Open MHZ9825 opened 4 months ago
Thank you for your message!
I am not sure to understand exactly what you are trying to accomplish.
Is Orchestra a specific dataset? Or do you mean you are using multiple instruments/tracks?
In any way it is possible to use byte pair encoding (or unigram or wordpiece) with multiple instruments, whether you tokenize all tracks all at once (config.one_token_stream_for_programs
enabled) or separately. I invite you to take a look at MidiTok's documentation for more details as this repository is not up-to-date anymore :)
Hi again! Thanks for the reply~ I have checked the documentation and have conveniently used MIDITOK to get the MIDI Token ids. however I still haven't found out how to compress the token sequence using BPE. May I ask how this step should be handled. Can I assume that I need to build my own dataset and then train a Tokenizer of my own using BPE's method?
This is done automatically once the tokenizer has been trained. :)

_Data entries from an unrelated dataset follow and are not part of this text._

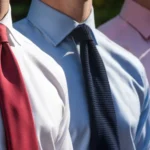 Three men wearing clip-on ties in different colors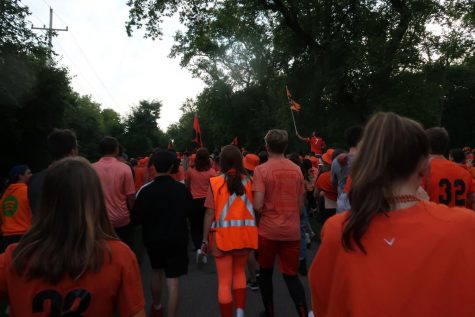 Students display their school pride in a variety of ways, ranging from wearing orange beanies and leggings to painting their faces and legs.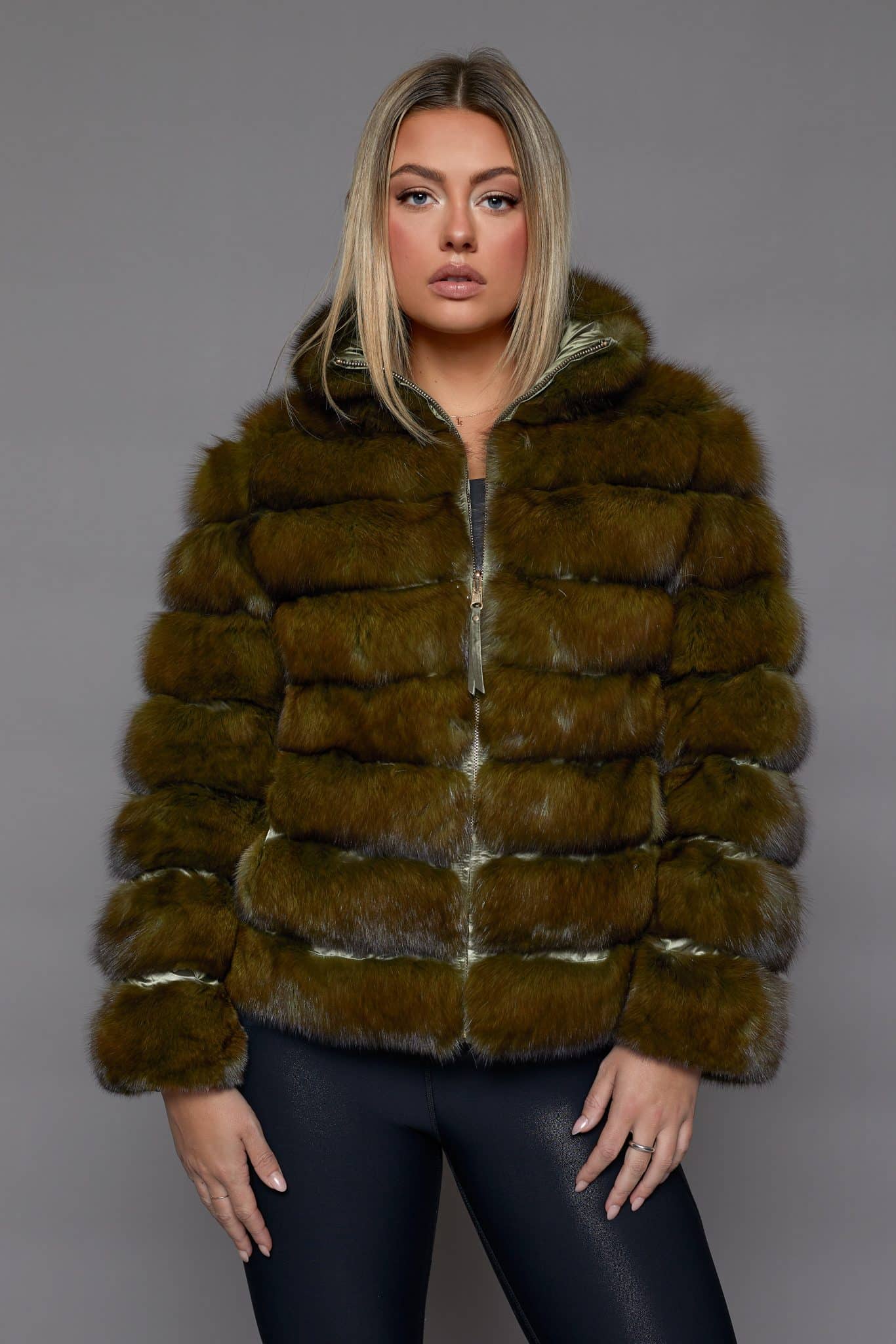 Frontal view of a woman wearing a fur coat standing in front of a grey background.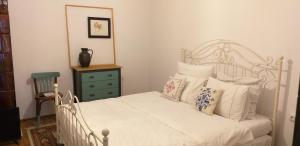 a bedroom with a white bed with pillows and a dresser at Guest House Victoria in Galda de Jos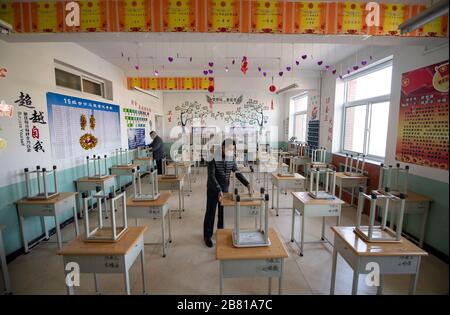 Taiyuan, la province chinoise de Shanxi. 19 mars 2020. Le personnel organise des tables et des chaises dans une salle de classe d'une école à Taiyuan, capitale de la province de Shanxi en Chine du nord, le 19 mars 2020. Les élèves des troisième classes des écoles secondaires de la province de Shanxi commenceront leur nouveau semestre le 25 mars, les écoles préparant pleinement leur nouveau mandat. Crédit: Yang Chenguang/Xinhua/Alay Live News Banque D'Images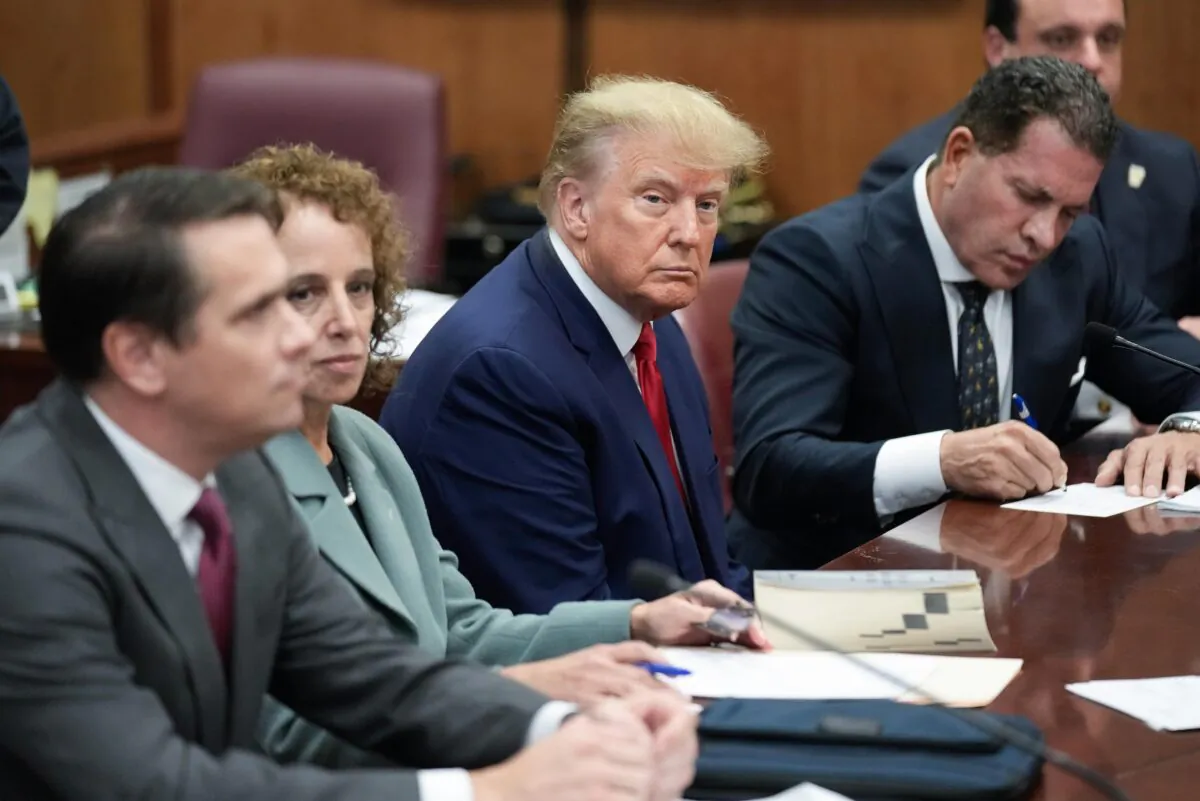 Former President Donald Trump sits at the defense table with his defense team in a Manhattan court in New York on April 4, 2023. (Seth Wenig/AP Photo)
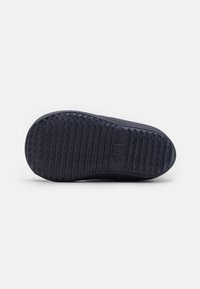 Suela de goma negra con patrón de espiga texturizado. Tacón ligeramente elevado, bordes suaves y estampado del logo en el centro.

You can see the documentation of the encode
(to tokenize files) and encode_token_ids
(to apply BPE/Unigram to token ids and reduce the sequence). The latter is automatically called by encode
unless you specify it to not.
Thanks!I 'll try it~
Thanks for your Briliiant work !!! However, I'm trying to use it on Orchestra, which means I have to get the hidden features from a multi-inst, if the work get the way to get the hidden features? It seems I can only get the tokens without inst.